Von zwei Seiten bin ich gestern auf den AG Landstuhl, Beschl. v. 06.11.2015 – 4286 Js 2298/15 – hingewiesen worden, nämlich einmal von meiner „Urteilsmutter“ = dem Kollegen Garcia, der mich immer wieder auf interessante Entscheidungen hinweist (wir betreiben einen kleinen Wettlauf dergestalt, ob ich die Entscheidungen schon kenne 🙂 ) und vom Kollegen Krenberger vom AG Landstuhl. Und den Beschluss will ich dann auch gleich heute „bringen“. Denn er zeigt m.E. sehr schön, dass es sich für den Verteidiger/Angeklagten „lohnen“ kann, hartnäckig zu bleiben und sich nicht zu früh mit den von der Verwaltungsbehörde gelieferten Messdaten/-unterlagen – es dürfte sich um ESO ES 3.0 gehandelt haben – zufrieden zu geben. Andererseits zeigt er aber auch, dass es sich eben – zum Glück – nicht alle AG so einfach machen, wie z.B. das AG Dillenburg im AG Dillenburg, Beschl. v. 02.11.2015 – 3 OWi 54/15, das den Betroffenen/Verteidiger in ein paar Sätzen „abfertigt hat: Basta, gibt es nicht.

Aus dem AG Landstuhl, Beschl. ist allein der Tenor schon berichtenswert.
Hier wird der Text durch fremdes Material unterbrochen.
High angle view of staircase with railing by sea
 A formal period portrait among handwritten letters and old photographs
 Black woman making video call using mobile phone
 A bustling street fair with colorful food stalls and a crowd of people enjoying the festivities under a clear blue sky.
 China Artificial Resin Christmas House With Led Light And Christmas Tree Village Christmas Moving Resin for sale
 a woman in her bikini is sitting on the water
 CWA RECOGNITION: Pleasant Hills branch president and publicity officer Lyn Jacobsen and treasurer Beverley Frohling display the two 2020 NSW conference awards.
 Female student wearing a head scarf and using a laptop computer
Der lautet:

  1. Dem Zeugen ppp. wird zur Vorbereitung auf die nächste Hauptverhandlung in dieser Sache aufgegeben, bei der Messstelle 511006, BAB62, km 219,6, Gem. Bann, die Länge des sog. Seitenstreifens binnen 2 Wochen zu verifizieren.
  2. Der Zentralen Bußgeldstelle Speyer wird aufgegeben, dem Sachverständigen ppp. die für den Messtag 16.07.2014 erstellten Rohmessdateien binnen 2 Wochen zu übersenden.
  3. Der Firma ppp. GmbH, ppp. , wird zur Vermeidung von Zwangsmaßnahmen nach §§ 94 ff. StPO, 46 OWiG aufgegeben, dem Sachverständigen ppp. den herstellerseits ohne Veranlassung der Zentralen Bußgeldstelle eingefügten Code zur Entschlüsselung der Messserie zu übermitteln, die am unter Ziffer 2. genannten Messtag bei der unter Ziffer 1. genannten Messstelle mit dem Messgerät ES3.0 mit der Gerätenr. 5099, Bauartzulassung 18.11/06.04 laut Eichschein des Regierungspräsidiums ppp. ., Nummer 1812262_14 vom 17.06.2014, binnen 2 Wochen zu übermitteln, um eine Begutachtung der verfahrensgegenständlichen Messung mittels Auswertung der Helligkeitsprofile der einzelnen Messungen vornehmen zu können.
  4. Das Gericht weist explizit darauf hin, dass es nicht angezeigt ist,

a) den Hersteller für diese Tätigkeit außerhalb des JVEG zu vergüten,
b) mglw. ein eigens vom Hersteller vorgesehenes Programm zur Überprüfung der Messung zu nutzen und
c) den Rohdatensatz zur Entschlüsselung an den Hersteller des Messgeräts zu übersenden, letzteres schon aus datenschutzrechtlichen Gründen nicht.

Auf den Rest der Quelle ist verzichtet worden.